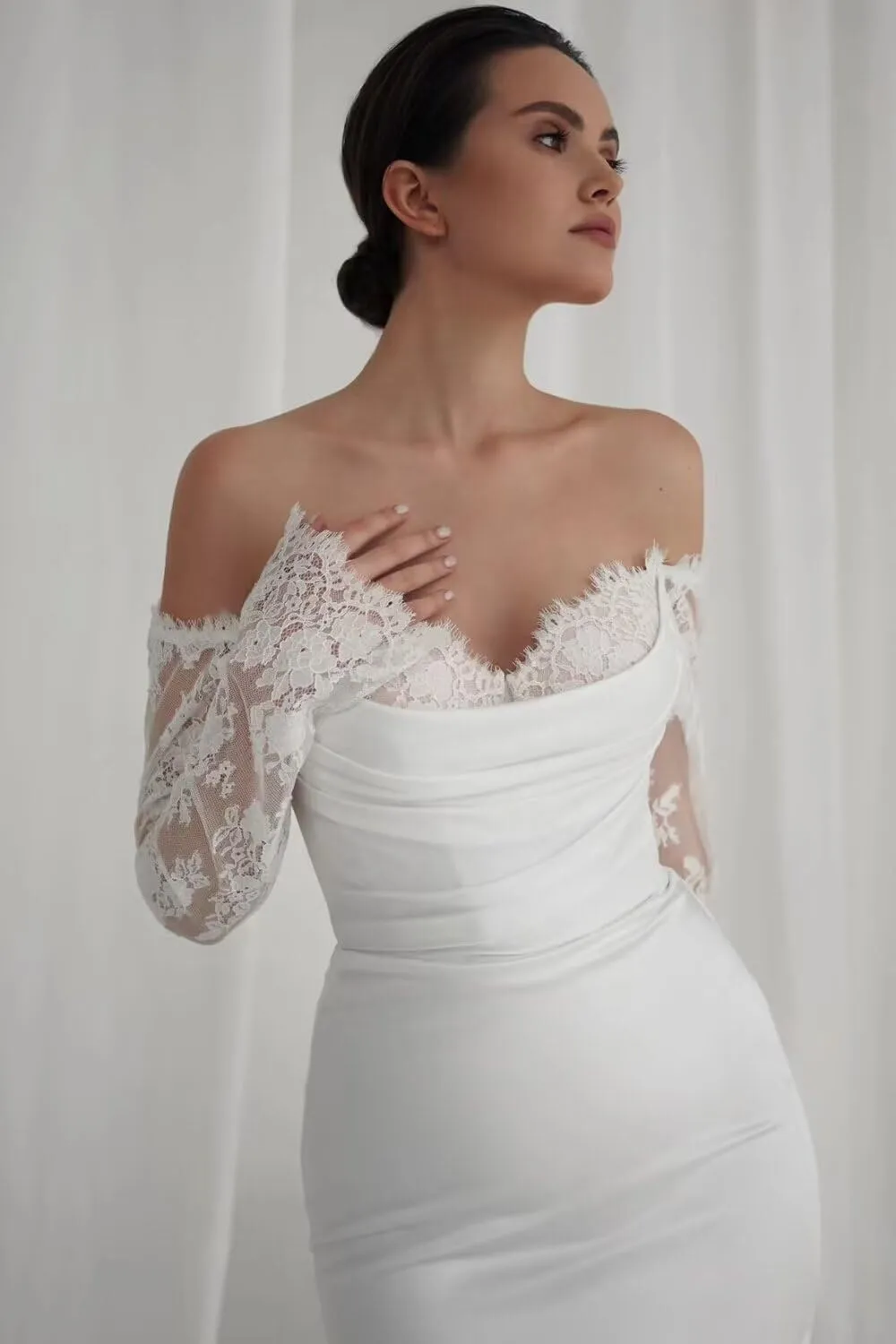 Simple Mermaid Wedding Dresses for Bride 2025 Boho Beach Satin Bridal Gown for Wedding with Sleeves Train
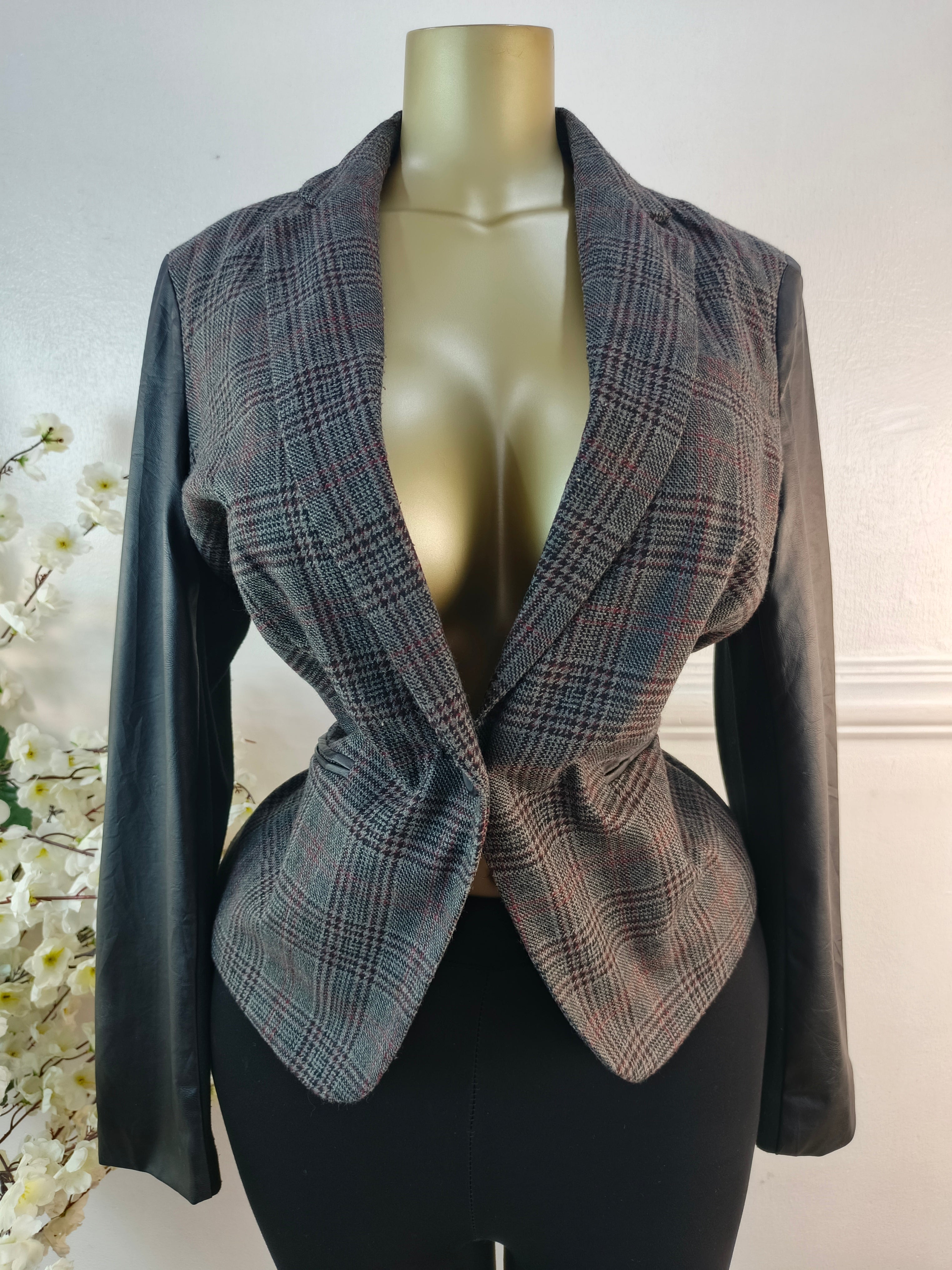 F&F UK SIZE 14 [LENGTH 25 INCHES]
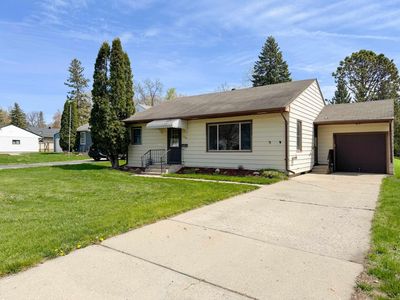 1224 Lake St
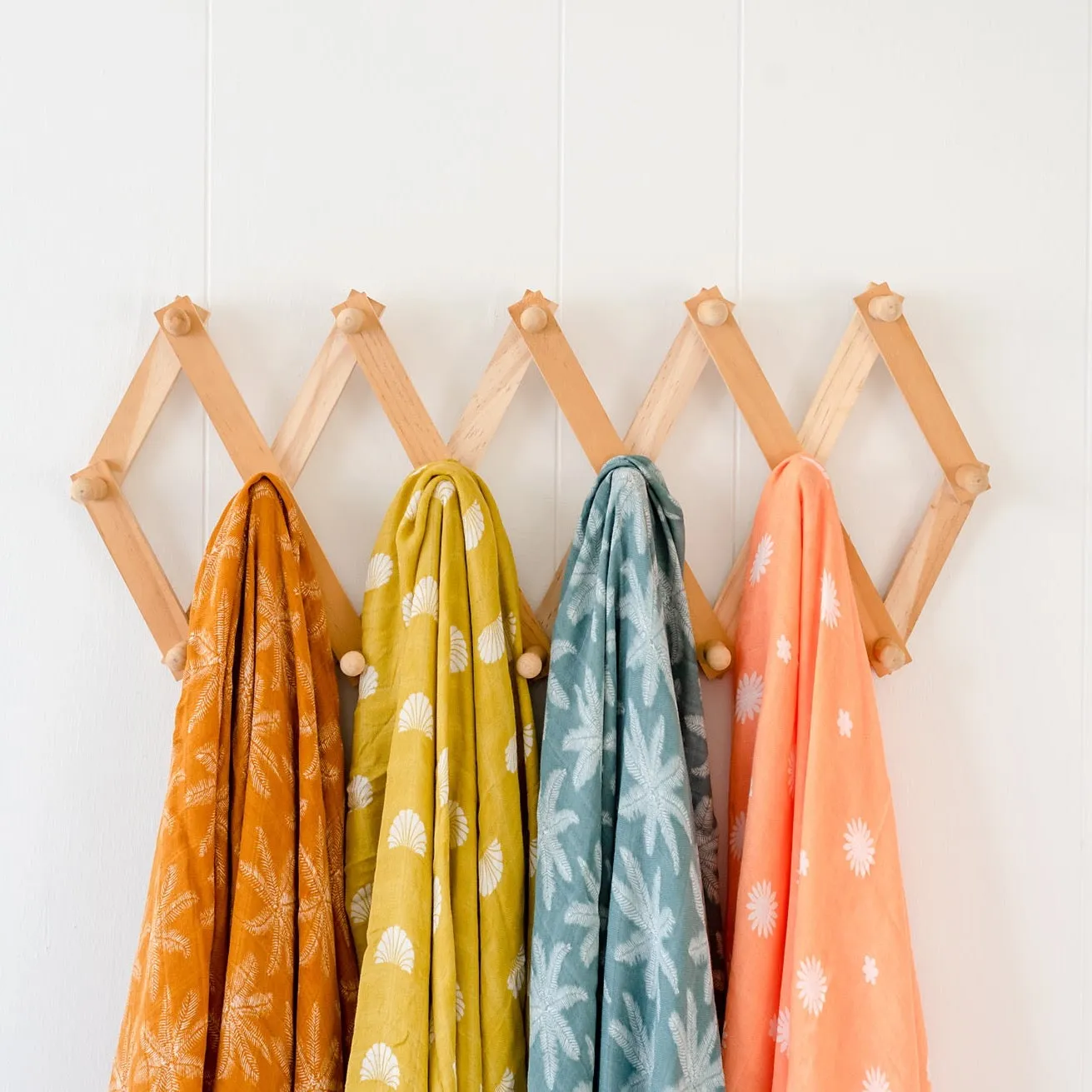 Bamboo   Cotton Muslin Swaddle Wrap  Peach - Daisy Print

* * *

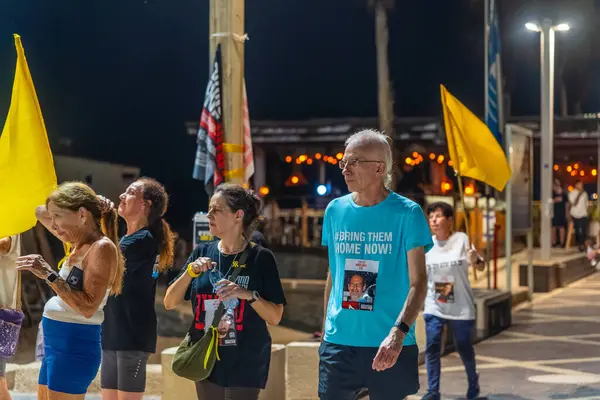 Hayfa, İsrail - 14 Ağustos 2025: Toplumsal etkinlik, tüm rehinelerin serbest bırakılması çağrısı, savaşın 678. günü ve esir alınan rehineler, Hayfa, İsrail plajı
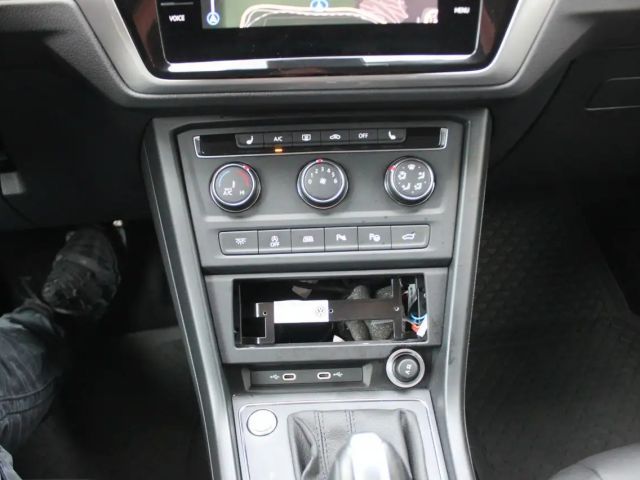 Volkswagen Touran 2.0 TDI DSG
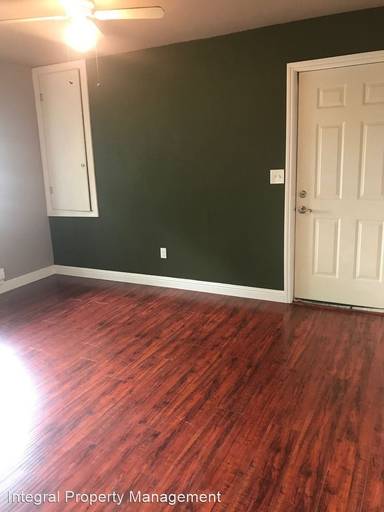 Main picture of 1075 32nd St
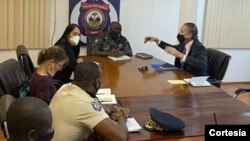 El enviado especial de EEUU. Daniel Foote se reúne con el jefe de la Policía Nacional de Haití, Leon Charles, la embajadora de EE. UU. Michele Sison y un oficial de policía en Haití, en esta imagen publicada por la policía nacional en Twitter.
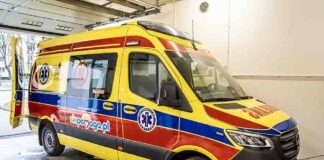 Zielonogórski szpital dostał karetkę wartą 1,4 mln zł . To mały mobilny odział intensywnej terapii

TASK BRIEF:
Exactly the lines starting at the one above with "F&F UK SIZE 14 [LENGTH 25 INCHES]" and ending at the one with "- Daisy Print" should be printed, and nothing else. Omit the pictures.

RESPONSE BOX:
 F&F UK SIZE 14 [LENGTH 25 INCHES]
 1224 Lake St
 Bamboo   Cotton Muslin Swaddle Wrap  Peach - Daisy Print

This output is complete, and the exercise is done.